Call for Chapters – Ethics of Comedy

What makes a joke right or wrong? When is it good or bad to laugh? The rights and wrongs of a joke can be expressed in political terms: a joke is politically incorrect or it exploits a marginalized group of people. Alternatively, a joke can be inappropriate or mean-spirited. A joke can make someone feel bad about their race, ethnicity, religion, socio-economic status, body, gender identity, and the list can go on and on. Laughter can hurt someone’s feelings, reveal that the laugher lacks manners, or maybe holds to racist, sexist, or other offensive views. The same way that a joke can make a person feel self conscious about an aspect of their self, laughter reinforces in-group/out-group dynamics and can make a person feel excluded, isolated, or alone.

These negatives are balanced against the good that jokes and laughter can do: when they punch up, jokes and laughter can diminish the power that others hold over us. Comedians can be the sharpest of cultural critics, using irony, satire, and parody to reveal hypocrisy, speak difficult truths, and skewer social attitudes and biases that marginalize and oppress individuals and groups.

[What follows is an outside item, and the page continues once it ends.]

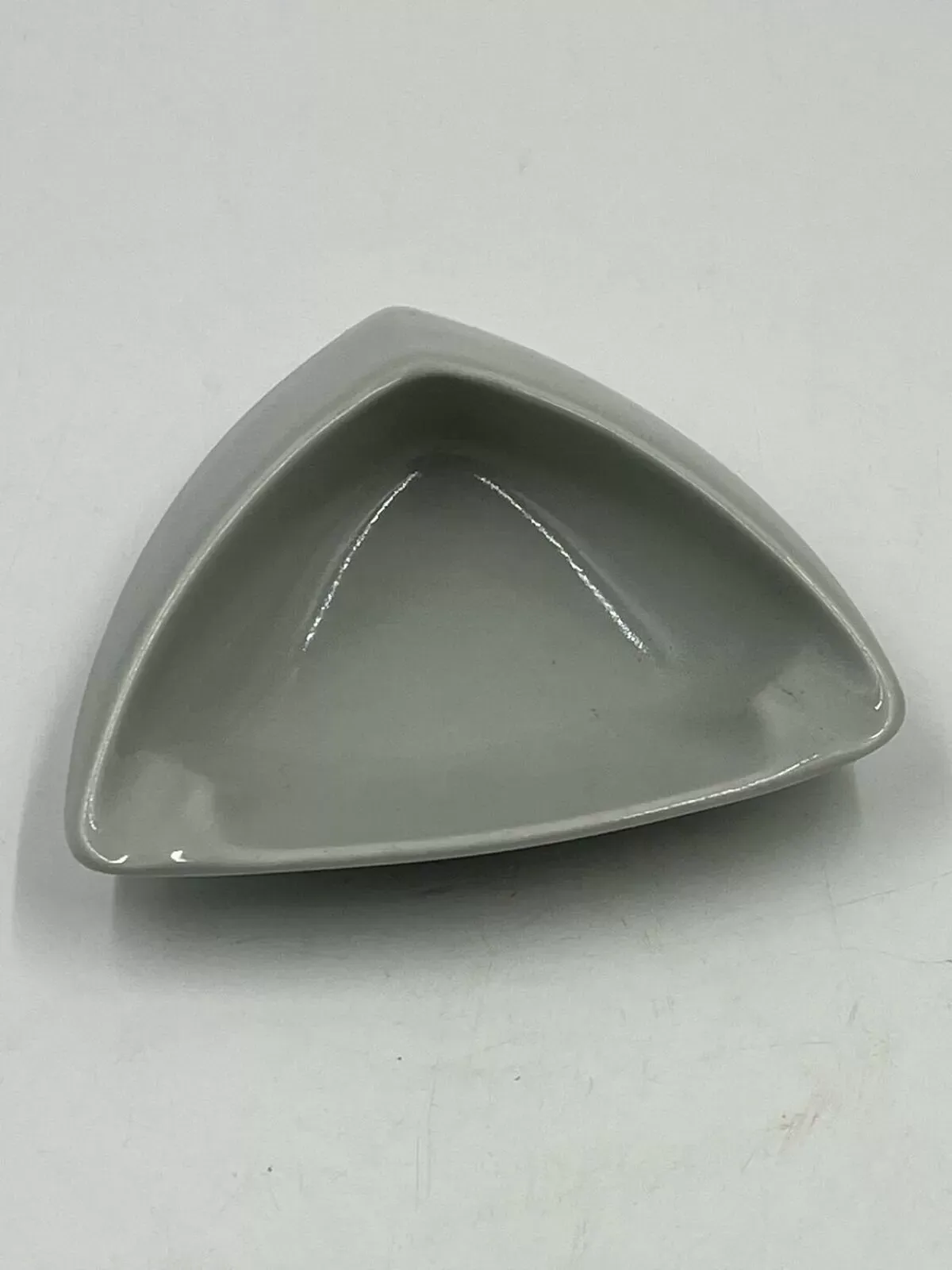 Illustration numéro 3 du produit Cendrier expo58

But how do we speak of an ethics of comedy? The difficulty of an ethics of jokes and laughter is that so much of what makes humor work — and much of the work that humor does — is based on transgression. This edited volume seeks contributions that attempt to formulate an ethics of comedy. When is a joke right or wrong? Is it wrong if it offends, or right if it offends in the right way? How are we to determine the moral rightness or wrongness of laughing at one moment but not the next? Are there jokes that ought not to be told or punch lines that ought not to be laughed at? And how are we to know when this is the case?

The collection should be accessible to upper level undergraduates. Essays should articulate a general approach to jokes and laughter and then apply that approach to specific examples. Examples can be drawn from any medium (stand-up, television, movies, internet, etc.). Essays that deal with comedians, topics, or ethical theories that undergraduate students would encounter in other courses are encouraged.

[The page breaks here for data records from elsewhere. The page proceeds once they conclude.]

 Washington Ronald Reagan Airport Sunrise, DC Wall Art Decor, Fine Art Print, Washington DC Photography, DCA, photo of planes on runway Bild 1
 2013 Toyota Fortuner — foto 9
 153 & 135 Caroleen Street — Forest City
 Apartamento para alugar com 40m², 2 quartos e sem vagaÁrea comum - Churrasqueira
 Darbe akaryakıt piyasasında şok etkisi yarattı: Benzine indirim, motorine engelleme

Please submit proposals for essays of 6,000-8,500 words that explore the ethics of comedy:

  • Frameworks for an ethics of humor, jokes, and laughter

  • Normative ethical theories and humor, jokes, or laughter

  • Ethics and superiority, relief, and incongruity theory

  • An ethical analysis of a specific comedian

  • How a particular ethicist, philosopher, or theologian addresses the moral rightness or wrongness of laughter

  • The ethics of jokes about a controversial social topic, e.g. abortion, body shape or size, sexual violence, illness, etc.

  • Historical approaches to the ethics of laughter: what was the moral status of humor, laughter, and jokes in the past?

  • Evolving social standards, ethics, and humor: what jokes used to be funny and are not appropriate any more?

  • Politics vs. ethics in humor

Send your questions about the book or submit your short description to Steven A. Benko at benkos@meredith.edu. The chapter proposal should consist of a short abstract (275-350 words), chapter title, and a brief biography. Collaborations are welcomed. All proposals must be received by January 7, 2018. Final manuscripts of 6,000-8,500 words should be submitted in MLA style by August 20, 2018.